O responsável da Casa recordou que, em 2020, têm como Artista em Residência “um dos grandes, senão o maior pianista especializado em música contemporânea", Pierre-Laurent Aimard, e que o simples facto de ter “aceitado fazer este trabalho quer dizer alguma coisa”.
“Os próprios compositores em residência que todos os anos aceitam este título e este trabalho não é por acaso. Reconhecem que aqui a sua música está bem entregue. Poderei ser suspeito, mas não há outra instituição em Portugal que tenha este papel. E é por isso que é reconhecida internacionalmente”, declarou António Jorge Pacheco, com contrato até 2021 e com vontade de continuar no cargo.
O diretor artístico, que atravessou o período da crise financeira, e o corte de 30% no financiamento público que a acompanhou, salientou que esse momento obrigou a fundação a “uma clarificação interna, aos vários níveis, daquilo que é a Casa da Música”.
“Tivemos de tomar opções e a primeira foi manter aquilo que mais ninguém faz e a que o mercado não dá resposta. O mercado não consegue ter uma orquestra sinfónica, nem um Remix Ensemble nem uma orquestra barroca. Isso, nós protegemos. A parte da ‘world music’ ou pop rock ou mais eletrónica, há um mercado independente, do circuito mais comercial, que dá resposta a esse género de música. Não tem de ser a Casa da Música, até a competir de forma desleal porque somos subsidiados pelo Estado, a concorrer com os promotores privados que têm o seu negócio e que têm legitimamente de sobreviver”, considera.

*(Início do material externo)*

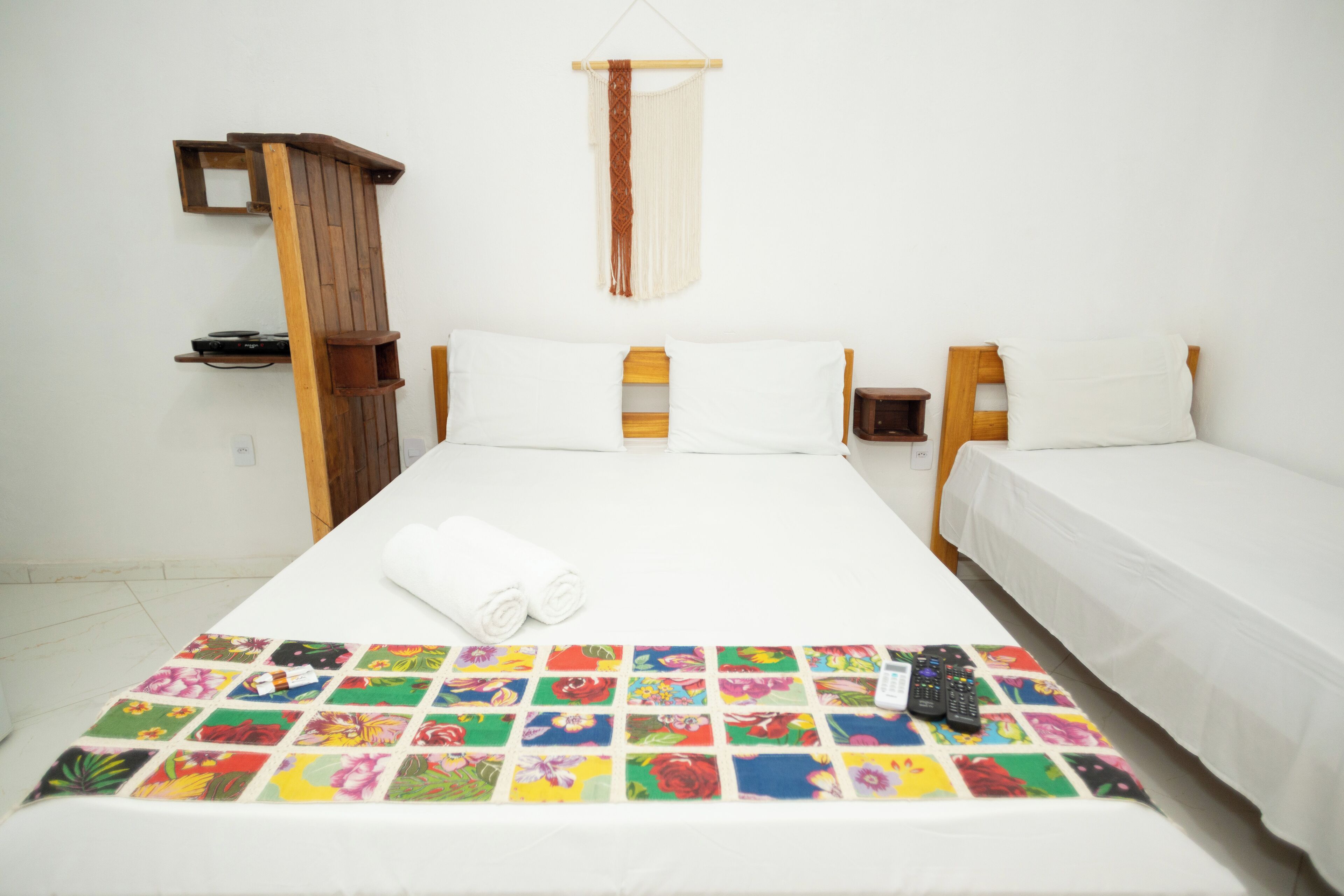 Une chambre d’hôtel avec un lit, deux tables de chevet, une armoire en bois et une couvre-lit à motifs floraux colorés.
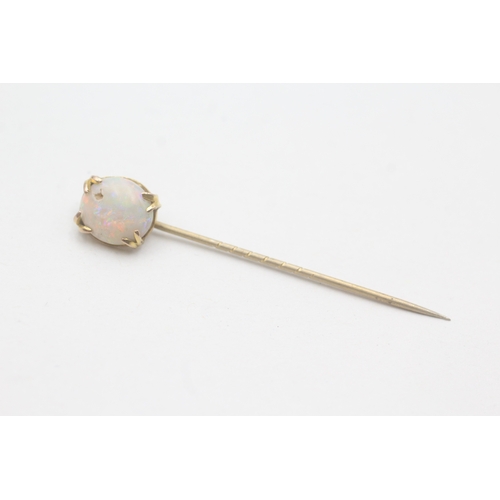 86 - 9ct gold opal stick pin with basemetal pin (1.4g)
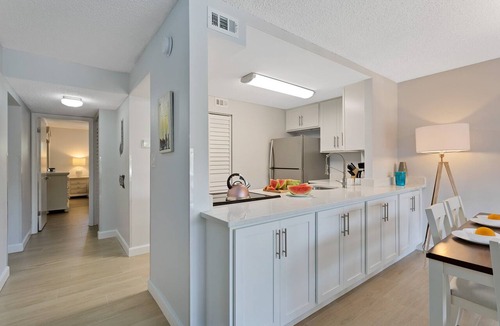 Avon By The Sea Condo | Sunny Shores Retreat w/Pool, Balcony & Steps to Ocean!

Mesmo dentro daquilo que é a programação da Orquestra Sinfónica do Porto, que tem uma série Clássica e outra de Descobertas, há uma opção de ir além do que António Jorge Pacheco classifica de “facilitismo”: “Se nós fossemos fazer um inquérito alargado ao público e perguntássemos o que é que querem ouvir, iam dizer que querem ouvir sinfonias de Mozart, Beethoven, árias de ópera de Verdi, de Puccini, ‘Messias’ do Haendel, isso já eu sei. Portanto, o facilitismo seria ‘é isso que a grande maioria quer, é isso que vamos fazer sempre’. Há casas que trabalham assim”.
“Nós diferenciamo-nos por outro tipo de repertório, pelas estreias que fazemos e, sobretudo, por estarmos aqui a estrear no Porto e na Casa da Música obras que são fundamentais do repertório do século XX e do século XXI e que nunca foram tocadas em Portugal”, referiu, lembrando que foi a Casa da Música a receber a estreia nacional de "Gruppen", de Karlheinz Stockhausen, mais de 50 anos depois da primeira vez que foi interpretada a nível mundial.
O papel da Casa da Música “é fazer essa intermediação entre aquilo que o público genericamente não conhece, mas que [a instituição acha] que faz parte do papel dar a conhecer, porque é isso que enriquece a vida intelectual e o prazer estético que as pessoas podem tirar da música”.
Caso contrário, seria "a negação daquilo que deve ser uma sala do século XXI de agrupamentos do século XXI".
Questionado sobre que possibilidades de programação poderia abrir um eventual aumento do orçamento, António Jorge Pacheco disse que a “equipa está no limite da quantidade de concertos que consegue fazer”, o que significa que, perante mais verbas, a ideia seria fazer “melhor” e não “mais”.
Ainda assim, o diretor artístico da Casa da Música gostaria de desenvolver o espaço Digitópia, para além de um reforço do serviço educativo e da criação de uma “equipa de pesquisa em termos musicológicos”.
A Lusa pediu, repetidamente, entrevistas ao presidente do conselho de administração da Fundação Casa da Música, mas a resposta foi sempre negativa.